Once you reach Stage 4, the program shifts. It moves away from the
higher volume and lower loads to higher loads, speeds, and greater
motion with fewer repetitions. I'll go over that next time.
And, of course, there are other elements to a comprehensive program
including biomechanics, understanding segment links (like how the hip
and ankle move, etc) and coaching. But, for now, all I'm focusing on
is tissue healing.
If you know the Pathology (tendonosis), Load Tolerance (e.g. 70 lbs) and the Stage (e.g Stage 5), the
program design is much easier. Try going through this case without any
of this information and then pay attention to how confident (or not)
you feel about your plan. I think you'll find that this combination of
information makes a significant difference for you.

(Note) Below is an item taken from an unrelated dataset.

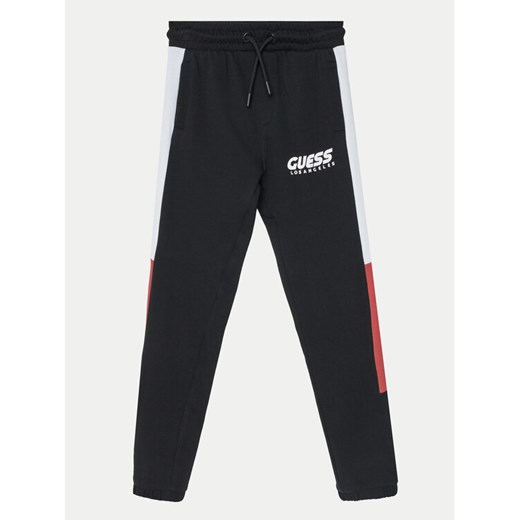 Guess Spodnie dresowe L5RQ11 KA6R4 Czarny Regular Fit ze sklepu MODIVO w kategorii Spodnie chłopięce - zdjęcie 182597267
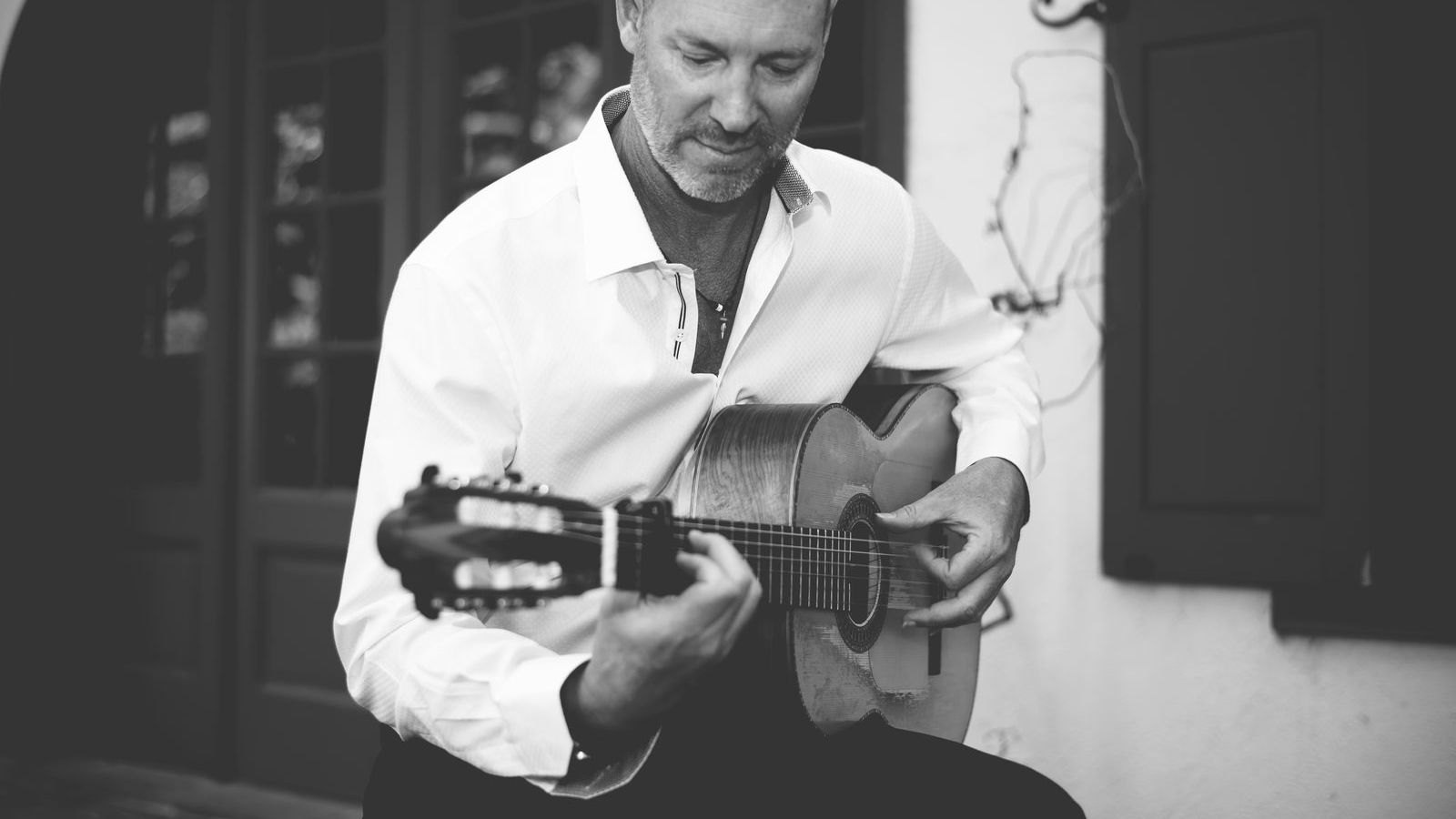 Gary Meyers playing flamenco guitar beside a Spanish doorway, in black and white.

And, before I get emails about what to do if you don't have the tools,
my answer is always the same. Good luck. I quit trying to "make do" a
long time ago. But, that's another story. Tools are key. Remember, you
have to match the environment to the person and that's what tools do
for you.
DK
ref: (Simonsen, E., H. Klitgaard, et al. (1995). "The influence
of strength training, swim training and ageing on the Achilles tendon
and m. soleus of the rat." J Sports Sci 13(4): 291-5.